Some thoughts from my Easter Day sermon in this season of New Life:

Christians tell two wonderful stories, one at Christmas and the other at Easter. They are the great myths of our tradition but in calling them myths I’m not suggesting they’re not true. I mean, rather, that their meaning unfolds in our lives on so many levels that they hold more truth that simple facts ever could.  Poetry, myth, art: these are what connect our particular, concrete experience with the fundamental, but abstract, principles that shape our lives; it’s through these connections that we make meaning of our lives, understand our life purpose: why we’re here and what we’re meant to be and do.  Myths invite us to go a little deeper, nourishing our inner selves: touching and holding and shaping the very core of our being.  Myths are about what’s Real.  C.S. Lewis the great Christian apologist and scholar, used to distinguish between truth and reality: “Truth is always about something,” he wrote, “but reality is that about which truth is. …every myth becomes the [parent]of innumerable [abstract] truths….”  

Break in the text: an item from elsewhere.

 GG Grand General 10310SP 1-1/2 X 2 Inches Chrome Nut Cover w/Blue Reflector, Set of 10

            Lewis goes on to insist, though, that in the life of Jesus of Nazareth, myth became fact and to imply that it couldn’t have been any other way: doesn’t it make sense that divine Mystery would connect with human experience by incarnating the values woven into the very fabric of Creation, values that are imbedded in the great tales of human culture everywhere?  It’s worth pondering that question…   For if the answer is “yes,” we have in this myth-become-fact a lens through which to view our own particular experience, to make meaning of the facts of our own lives: the little things that happen day by day or the great moments and movements of our life-times. 

            As I prepared for Easter I found myself wondering about how the truths of the two great Christian myths are linked, how the meaning of each illuminates and completes the truth of other.  Since many of us find our way to church especially for the telling of these two stories, it was, I thought, a direction worth exploring.  So what do these Christian stories tell us that really matters to our lives now, two thousand years later? 

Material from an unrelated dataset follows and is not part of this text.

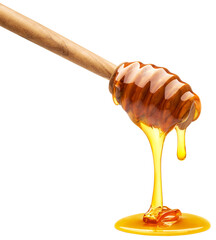 Honey dripping from dipper - 566523730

            At Christmas we tell the story of the Word becoming fresh: divine Mystery entering a particular human life in order to communicate divine Reality, in order to communicate and model the values that make Life work for all being, values intended to bring joy and abundance to all.  The Christmas Story tells us that this Mystery is not a magical god, waving a divine wand to make happen this or that, but rather a God who enters creation, enters human history and experience, to partner with us and make us co-creators of this Reality.  The Story gives us a vulnerable God, born as an impoverished child, in need of a community of support; gives us a God who enters into the muck and mess of human life as one of us. The truth of the Christmas Story is that no matter what our condition or circumstances, no matter what messes we’ve made in or of our lives, this God is right there with us, is familiar with the road we’re traveling and and seeks to show us the way into a deeper one-ness with ourselves, one another and the whole of creation…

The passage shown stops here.